Exercise data ▸
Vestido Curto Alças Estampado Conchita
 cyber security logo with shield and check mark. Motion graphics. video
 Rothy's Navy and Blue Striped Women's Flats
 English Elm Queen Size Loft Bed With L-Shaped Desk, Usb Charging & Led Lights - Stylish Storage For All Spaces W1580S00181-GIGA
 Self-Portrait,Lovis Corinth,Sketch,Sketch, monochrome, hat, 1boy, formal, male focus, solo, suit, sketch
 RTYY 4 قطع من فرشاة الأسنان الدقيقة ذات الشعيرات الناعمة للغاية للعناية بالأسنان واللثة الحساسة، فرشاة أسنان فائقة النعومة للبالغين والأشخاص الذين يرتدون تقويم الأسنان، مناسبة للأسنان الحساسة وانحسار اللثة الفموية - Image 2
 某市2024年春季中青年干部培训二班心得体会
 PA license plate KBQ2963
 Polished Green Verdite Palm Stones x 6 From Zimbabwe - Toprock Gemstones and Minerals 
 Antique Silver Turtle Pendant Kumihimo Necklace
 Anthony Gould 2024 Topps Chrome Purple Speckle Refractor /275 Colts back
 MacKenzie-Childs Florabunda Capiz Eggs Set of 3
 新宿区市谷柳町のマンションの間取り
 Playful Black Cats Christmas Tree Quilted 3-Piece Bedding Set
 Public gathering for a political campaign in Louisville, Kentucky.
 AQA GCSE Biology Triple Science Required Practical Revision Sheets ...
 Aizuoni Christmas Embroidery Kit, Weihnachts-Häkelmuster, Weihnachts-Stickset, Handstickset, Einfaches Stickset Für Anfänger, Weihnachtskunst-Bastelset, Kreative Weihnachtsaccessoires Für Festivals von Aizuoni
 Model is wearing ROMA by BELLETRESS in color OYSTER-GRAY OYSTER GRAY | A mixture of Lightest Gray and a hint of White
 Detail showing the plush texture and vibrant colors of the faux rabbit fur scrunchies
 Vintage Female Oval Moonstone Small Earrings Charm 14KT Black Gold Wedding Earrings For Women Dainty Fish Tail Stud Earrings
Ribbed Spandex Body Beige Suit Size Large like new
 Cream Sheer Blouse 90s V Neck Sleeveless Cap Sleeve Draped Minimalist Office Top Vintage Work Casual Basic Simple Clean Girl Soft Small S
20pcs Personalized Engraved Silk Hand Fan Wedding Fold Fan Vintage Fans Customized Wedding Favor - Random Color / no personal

What is needed ▸ Above are the records; copy exactly the lines from the line with "Antique Silver Turtle" through the line with "AQA GCSE Biology", both included.

Result ▸
 Antique Silver Turtle Pendant Kumihimo Necklace
 Anthony Gould 2024 Topps Chrome Purple Speckle Refractor /275 Colts back
 MacKenzie-Childs Florabunda Capiz Eggs Set of 3
 新宿区市谷柳町のマンションの間取り
 Playful Black Cats Christmas Tree Quilted 3-Piece Bedding Set
 Public gathering for a political campaign in Louisville, Kentucky.
 AQA GCSE Biology Triple Science Required Practical Revision Sheets ...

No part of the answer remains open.